▶ DIRECTIONS FOR THIS TASK
Say how many lines in the records hold the word "with", and give nothing but that number.
Start of EXTRACTED INFORMATION
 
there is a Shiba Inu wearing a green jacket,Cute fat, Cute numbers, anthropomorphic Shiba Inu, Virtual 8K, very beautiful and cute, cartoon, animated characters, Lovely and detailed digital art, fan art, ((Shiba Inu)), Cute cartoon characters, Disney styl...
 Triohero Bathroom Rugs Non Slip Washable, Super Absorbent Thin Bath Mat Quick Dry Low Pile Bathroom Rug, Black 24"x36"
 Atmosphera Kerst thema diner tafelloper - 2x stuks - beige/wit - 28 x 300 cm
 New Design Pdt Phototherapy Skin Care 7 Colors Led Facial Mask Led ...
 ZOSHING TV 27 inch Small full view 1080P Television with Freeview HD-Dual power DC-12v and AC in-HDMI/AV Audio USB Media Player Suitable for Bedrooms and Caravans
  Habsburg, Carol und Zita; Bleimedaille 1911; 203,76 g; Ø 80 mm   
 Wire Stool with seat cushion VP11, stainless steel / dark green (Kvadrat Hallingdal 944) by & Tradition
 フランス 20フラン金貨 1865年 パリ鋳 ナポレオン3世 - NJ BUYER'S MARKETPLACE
End of EXTRACTED INFORMATION
Start of EXTRACTED INFORMATION
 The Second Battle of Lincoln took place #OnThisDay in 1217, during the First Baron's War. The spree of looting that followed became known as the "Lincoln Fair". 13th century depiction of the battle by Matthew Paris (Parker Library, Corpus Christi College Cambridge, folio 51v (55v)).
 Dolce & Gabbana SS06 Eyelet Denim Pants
End of EXTRACTED INFORMATION
▶ SOLUTION BELOW
2